Tidbits of information about more than 400 veterans with ties to the Tri-Cities flooded into the Herald's offices after we asked our readers to send us photos and brief stories about the men and women in their families who have served their country.
After reading more than 300 of them, I stand in awe of what they achieved, how much was expected of them and how humble and downright matter-of-fact they were about their roles in our history.
Today we offer a special section inserted into the newspaper that contains these brief stories and snapshots in honor of our veterans.
Copies of this special section also can be purchased at the Herald, 333 W. Canal Drive, Kennewick. Herald subscribers receive a copy of this special section with today's paper. Hundreds of veterans' photos also can be seen online at tricityherald.com.
We hope you find it as inspiring as the Herald news staff did as we prepared it for publication. Here's a sampling of what you'll find:
* Lars Hansen was described by his great-grandson as "a terse man." Hansen served with the Madison, Wis., Volunteers from 1862-65 in what remains the bloodiest war our nation has ever fought, partly because we fought one another.
Here are a few lines from his Civil War diary:
1 April 1865: "Richmond fell to General Grant. Armistice -- Gen. Lee surrendered to General Grant."
14 April 1865: "President Lincoln was murdered in Washington."
19 April 1865: "President Lincoln's burial all over -- ceremony."
How daunting was it to be a Civil War soldier?
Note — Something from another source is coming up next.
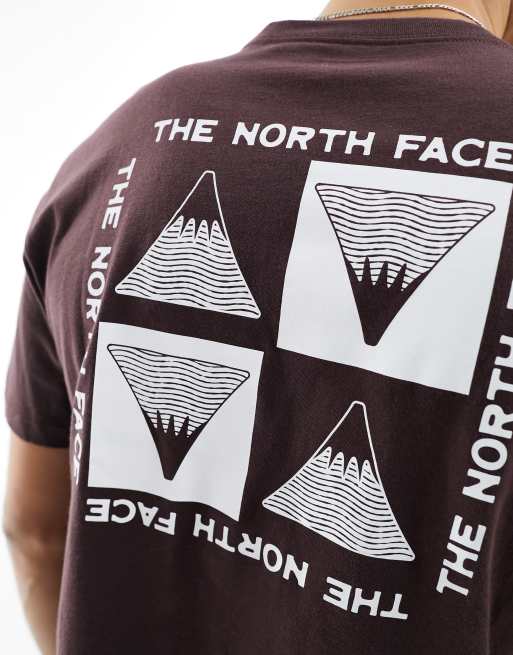 The North Face collage back print t-shirt in brown Exclusive to ASOS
Of the more than 91,000 men who enlisted from Wisconsin, more than 12,000 did not return home.
* Lee Dean was a torpedo-man's mate on PT 489 during World War II in the South Pacific and was awarded a Bronze Star and Silver Star "for distinguishing himself by heroic and meritorious service in action against the enemy. He volunteered to assist in the rescue of a Navy pilot, shot down in an enemy-held bay."
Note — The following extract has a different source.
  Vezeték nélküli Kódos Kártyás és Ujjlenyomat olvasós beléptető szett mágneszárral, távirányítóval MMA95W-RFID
Here's the account sent to the Herald:
"For 2 1/2 hours, his PT crew evaded 90-mm enemy shore batteries, twisting and turning as they crossed and recrossed enemy minefields. He never left his machine gun position. After the PT boat approached within 100 yards of the enemy shore positions under intense fire, the wounded pilot was taken aboard and whisked to safety. Lee was always modest about his service record."
* Bruce Noordhoff still is proud of himself for his genius in acquiring a new Swiss watch at World War II's end by taking advantage of a 1945-46 program that allowed GIs to take a week's vacation in Switzerland:
"... to get enough money to buy a watch, I had to get through their border inspections with about 150-200 packs of chewing gum. These could easily be sold on the street everywhere. I managed to clear Swiss customs with all the gum by dumping the packs into my GI trouser legs (they were tucked into my combat boots at the bottom) and walk stiff-legged past the inspection station to the men's toilet. I sure loved that watch."
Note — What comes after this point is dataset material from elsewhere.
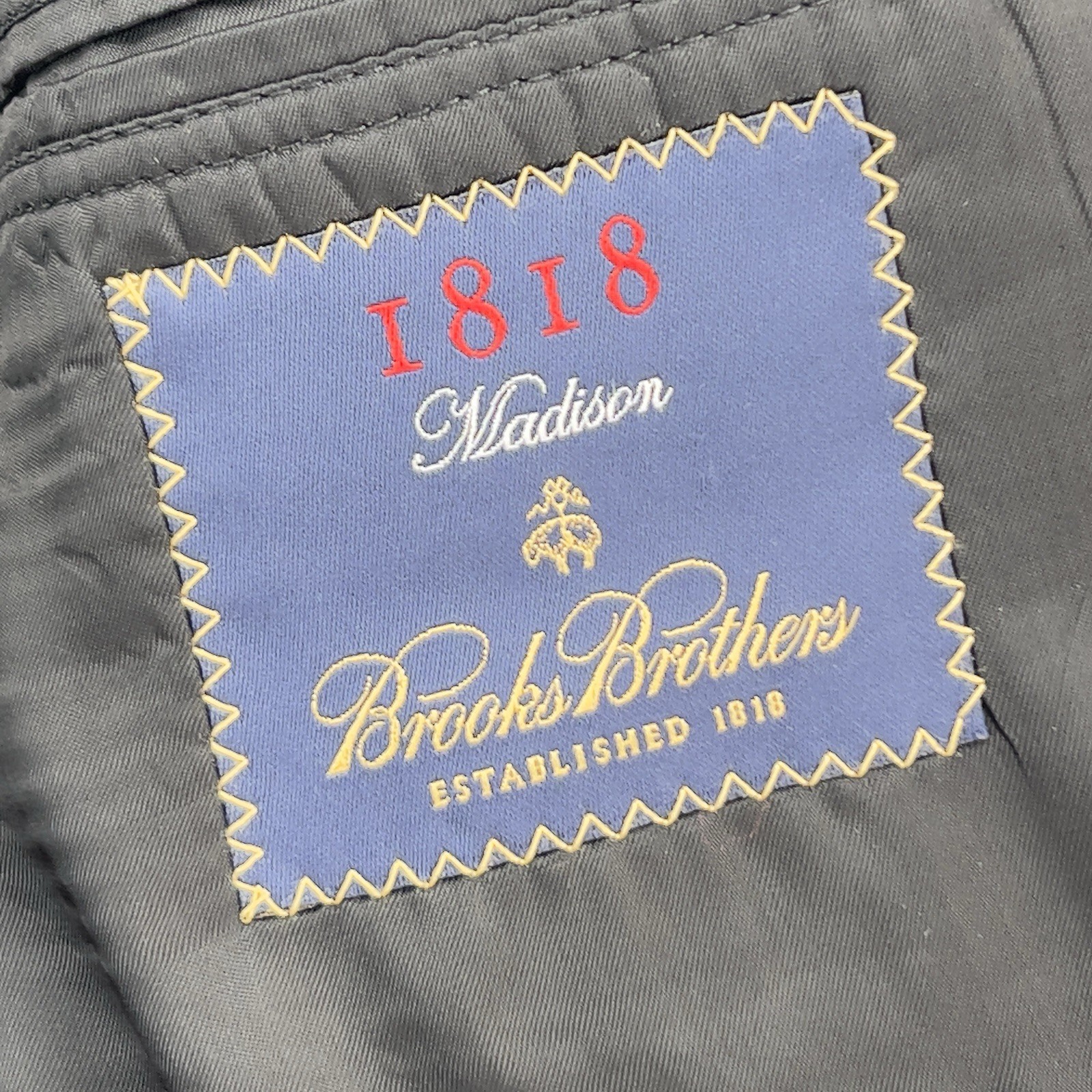 Brooks Brothers Madison 1818 Tuxedo Jacket 44R Black 100% Wool Satin Peak Lapel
Emerson Hough learned to joke about what must have been a traumatic transformation from Navy volunteer into Marine.
"When he arrived at boot camp, every third man was told to step forward," his son reported. "Dad was among those stepping forward, and suddenly found himself a Marine. ... He has dense bones, could not float in the water and had never learned to swim -- but one of the tests necessary to graduate from boot camp was to swim three laps at the pool. The drill sergeant encouraged him to stay in the water by stepping on his fingers when he tried to get out. In a true 'sink or swim' situation, my father managed three laps."
* William J. Bair's account had a reflective tone.
"After V-E Day, we were quickly shipped from Czechoslovakia to the South Pacific where hundreds of ships had assembled for the invasion of Japan. With the atomic bombs forcing Japan's surrender, our mission changed and we went into Japan as part of the Army of Occupation.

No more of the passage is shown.